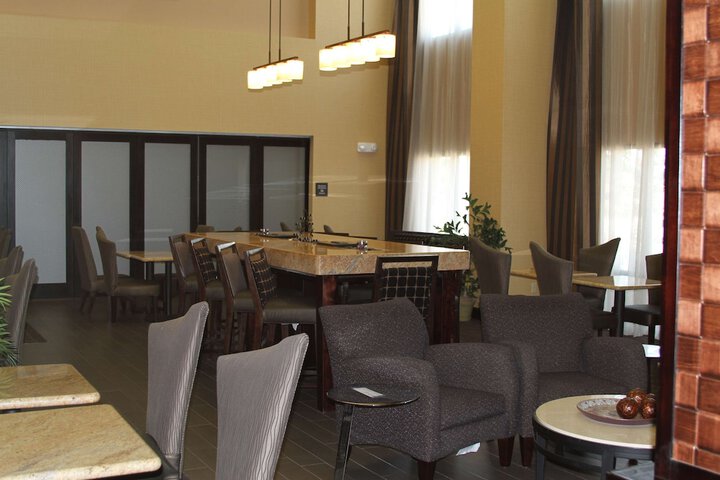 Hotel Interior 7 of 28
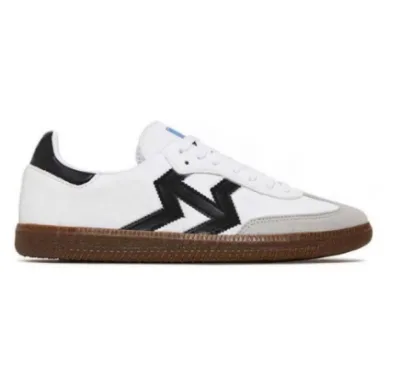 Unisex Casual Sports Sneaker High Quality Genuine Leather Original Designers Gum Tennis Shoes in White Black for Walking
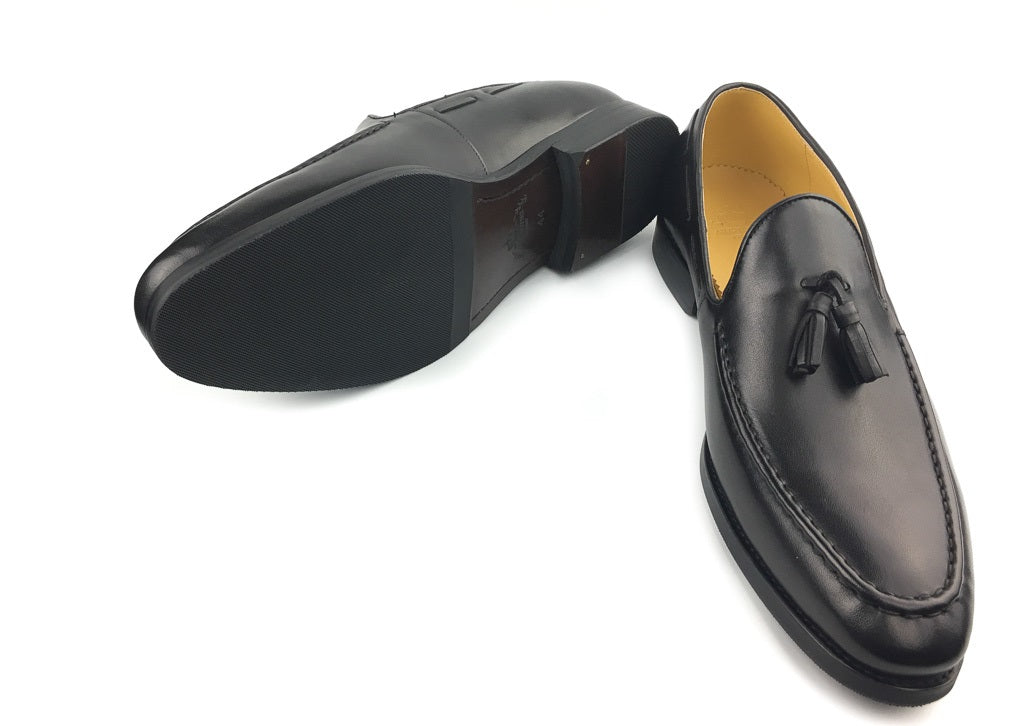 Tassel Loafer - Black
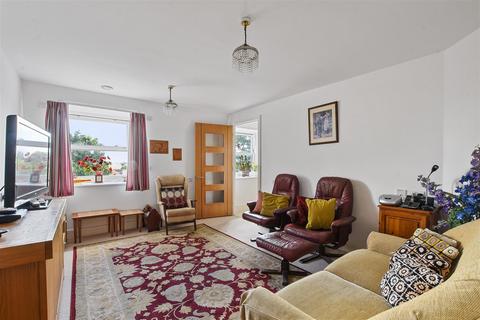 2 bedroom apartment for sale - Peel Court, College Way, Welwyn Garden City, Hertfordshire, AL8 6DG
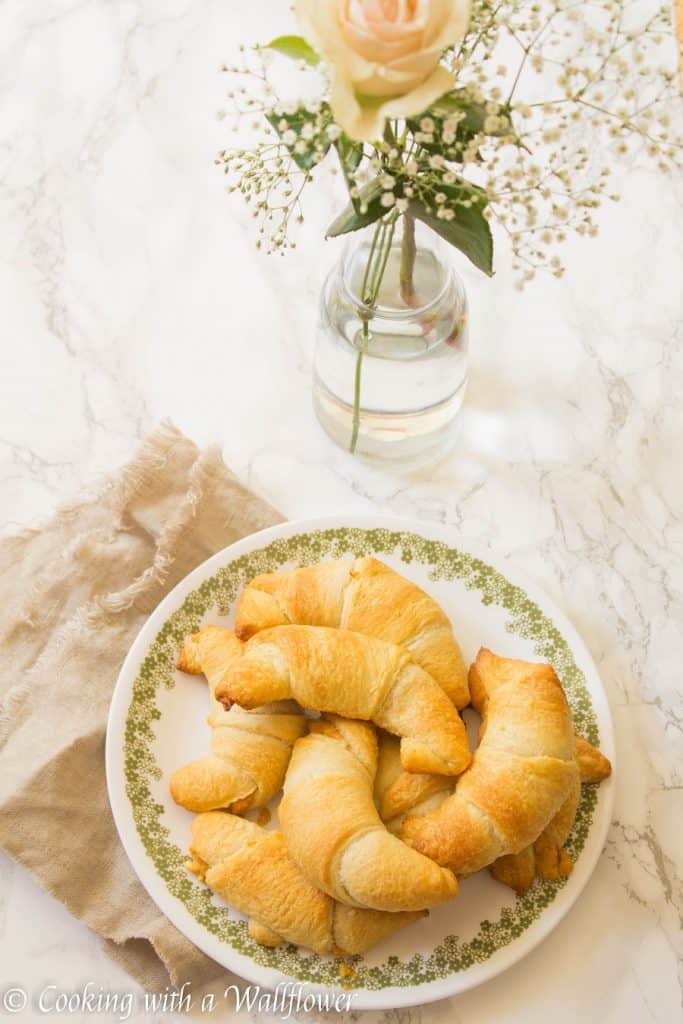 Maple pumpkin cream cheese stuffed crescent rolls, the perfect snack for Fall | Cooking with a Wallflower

===============

EXERCISE DETAILS. Every record must be duplicated exactly, except for the pictures, which are left out.

TASK RESPONSE.
 Hotel Interior 7 of 28
 Unisex Casual Sports Sneaker High Quality Genuine Leather Original Designers Gum Tennis Shoes in White Black for Walking
 Tassel Loafer - Black
 2 bedroom apartment for sale - Peel Court, College Way, Welwyn Garden City, Hertfordshire, AL8 6DG
 Maple pumpkin cream cheese stuffed crescent rolls, the perfect snack for Fall | Cooking with a Wallflower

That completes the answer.